Save the Children discovered the family’s dire situation and sent workers to distribute food.

The Afghan mother from Jawzjan explained to charity workers that her twins, a boy- and girl-year-old, were born shortly after they left their home due to drought.

As she sat down in the room, which was bare and carpeted with rugs from a nearby mosque, the woman explained that the clothing for all children is secondhand.

Although she had originally planned to have both of her children, she was unable to find enough food to feed them all. Usually, it was bread and milk powder.

She is 45 and works as a labourer. But her husband says only one job in five is available. And the wages for the day are just $1.

According to his mother, her second-eldest son works at the market nearby, pushing carts for stall owners who need produce.

Because he is so young, his owners may prefer him to have stronger children.

A woman who saw the newborns crying from hunger told how a married couple offered her $104 for her baby.

At first she was reluctant, but she eventually agreed after watching the boy crying and having nothing to eat for several days. She decided to let him go to make sure she could provide for herself and her children.

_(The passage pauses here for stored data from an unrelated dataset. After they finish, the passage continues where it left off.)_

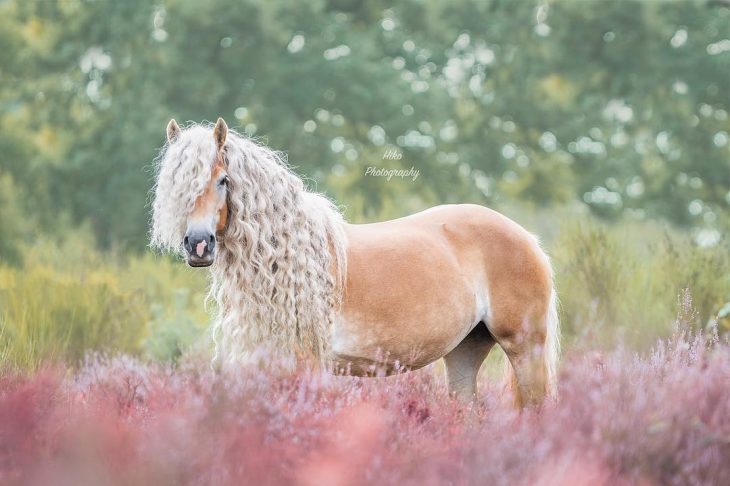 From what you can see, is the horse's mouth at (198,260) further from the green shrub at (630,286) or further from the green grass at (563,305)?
the green shrub at (630,286)

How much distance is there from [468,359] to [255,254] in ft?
5.58

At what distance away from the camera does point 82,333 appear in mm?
7457

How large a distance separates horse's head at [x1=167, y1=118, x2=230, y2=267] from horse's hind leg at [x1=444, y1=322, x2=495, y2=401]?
1820 mm

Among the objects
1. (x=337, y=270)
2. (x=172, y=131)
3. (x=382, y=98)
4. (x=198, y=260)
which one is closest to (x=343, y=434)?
(x=198, y=260)

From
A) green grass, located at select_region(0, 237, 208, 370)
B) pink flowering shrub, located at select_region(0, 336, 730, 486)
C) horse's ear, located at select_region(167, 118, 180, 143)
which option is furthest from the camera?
green grass, located at select_region(0, 237, 208, 370)

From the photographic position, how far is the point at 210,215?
430cm

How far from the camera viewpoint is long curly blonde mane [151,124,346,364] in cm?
443

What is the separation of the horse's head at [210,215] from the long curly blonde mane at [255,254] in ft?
0.14

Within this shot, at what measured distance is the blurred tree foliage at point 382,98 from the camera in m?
18.7

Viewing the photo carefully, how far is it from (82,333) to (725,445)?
208 inches

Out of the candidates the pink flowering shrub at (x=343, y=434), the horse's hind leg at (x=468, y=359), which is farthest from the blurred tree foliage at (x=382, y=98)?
the pink flowering shrub at (x=343, y=434)

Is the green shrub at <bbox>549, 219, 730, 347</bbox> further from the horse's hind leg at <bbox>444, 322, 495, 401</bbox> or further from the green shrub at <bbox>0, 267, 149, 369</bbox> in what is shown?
the green shrub at <bbox>0, 267, 149, 369</bbox>

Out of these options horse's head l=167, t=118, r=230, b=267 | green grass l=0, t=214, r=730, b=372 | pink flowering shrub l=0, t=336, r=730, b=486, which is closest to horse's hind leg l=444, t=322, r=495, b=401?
green grass l=0, t=214, r=730, b=372

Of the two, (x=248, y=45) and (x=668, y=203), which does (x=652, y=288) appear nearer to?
(x=248, y=45) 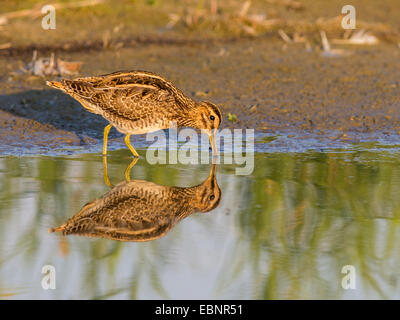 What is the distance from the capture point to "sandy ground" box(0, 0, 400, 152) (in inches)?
360

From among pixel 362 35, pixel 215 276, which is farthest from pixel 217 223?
pixel 362 35

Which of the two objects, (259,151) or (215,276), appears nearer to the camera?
(215,276)

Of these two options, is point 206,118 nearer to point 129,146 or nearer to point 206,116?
point 206,116

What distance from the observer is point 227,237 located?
5.69 metres

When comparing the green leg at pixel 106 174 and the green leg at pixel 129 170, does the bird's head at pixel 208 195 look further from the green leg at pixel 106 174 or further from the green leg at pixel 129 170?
the green leg at pixel 106 174

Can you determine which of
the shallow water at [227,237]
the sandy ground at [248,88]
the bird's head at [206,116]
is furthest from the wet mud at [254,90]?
the shallow water at [227,237]

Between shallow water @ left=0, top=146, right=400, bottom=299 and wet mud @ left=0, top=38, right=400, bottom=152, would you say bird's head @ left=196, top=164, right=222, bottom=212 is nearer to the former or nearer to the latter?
shallow water @ left=0, top=146, right=400, bottom=299

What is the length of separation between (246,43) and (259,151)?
4.65 metres

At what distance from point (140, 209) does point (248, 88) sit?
4625 millimetres

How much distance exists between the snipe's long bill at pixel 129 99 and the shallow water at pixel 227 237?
55cm

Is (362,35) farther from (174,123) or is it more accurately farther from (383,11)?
(174,123)

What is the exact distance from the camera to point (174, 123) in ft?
28.2

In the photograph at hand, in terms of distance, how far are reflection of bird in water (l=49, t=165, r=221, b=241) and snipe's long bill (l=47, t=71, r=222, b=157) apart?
1.35 meters

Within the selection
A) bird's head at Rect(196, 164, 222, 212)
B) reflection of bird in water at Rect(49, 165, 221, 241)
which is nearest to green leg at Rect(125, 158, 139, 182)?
reflection of bird in water at Rect(49, 165, 221, 241) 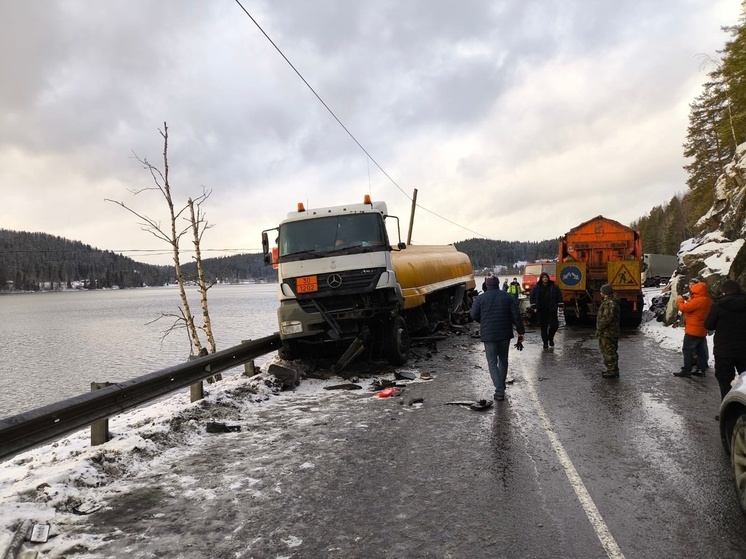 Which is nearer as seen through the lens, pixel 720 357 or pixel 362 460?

“It was hard. It was more difficult than you could imagine. Destitution forced me to give my baby away. “I was too poor to provide for my son and could not afford any other expenses.”

Workers learned about a second case, in which another twin mother was pressured to kill one by her family because she was malnourished. But she didn’t give up on her daughter.

Both the 18-month old twins of this woman are sick and weak. The weather is getting colder, and her little children are suffering severe malnutrition. She explained that she cannot afford to take care of them as one parent. 

Earlier this month, a 40-year-old mother was forced to sell one of her newborn twins to a childless couple in return for $104 in the hope it would buy enough food to last her family for another six months (pictured, the woman holds her baby girl)

In the hopes of buying enough food for her family’s six more months, a mother aged 40 was forced to give one of her infant twins away to her childless husband earlier in the month. The woman is holding the baby girl.

The mother said her family were forced off their farm in Afghanistan's Jawzjan province earlier this year by drought, and the collapse of the economy has made it impossible to find work

The mother said her family were forced off their farm in Afghanistan’s Jawzjan province earlier this year by drought, and the collapse of the economy has made it impossible to find work

My son and daughter were both hungry last night. There is nothing at my home. “We have no food or flour in our house, so we don’t have anything,” she stated.

“My husband does not send money to us. (He says) ‘let her die’. Everybody was saying to me that they would buy her, but I refused to give up on her.

Save the Children projects that there will be 3.2million Afghan children suffering from acute malnutrition in the coming winter. 

The woman's husband, 45, holds the hand of another of their seven children near the home where they now live - wearing clothes donated by others

Near their home, the woman’s 45-year-old husband holds another one of their children in his hand. They are wearing clothing donated by others.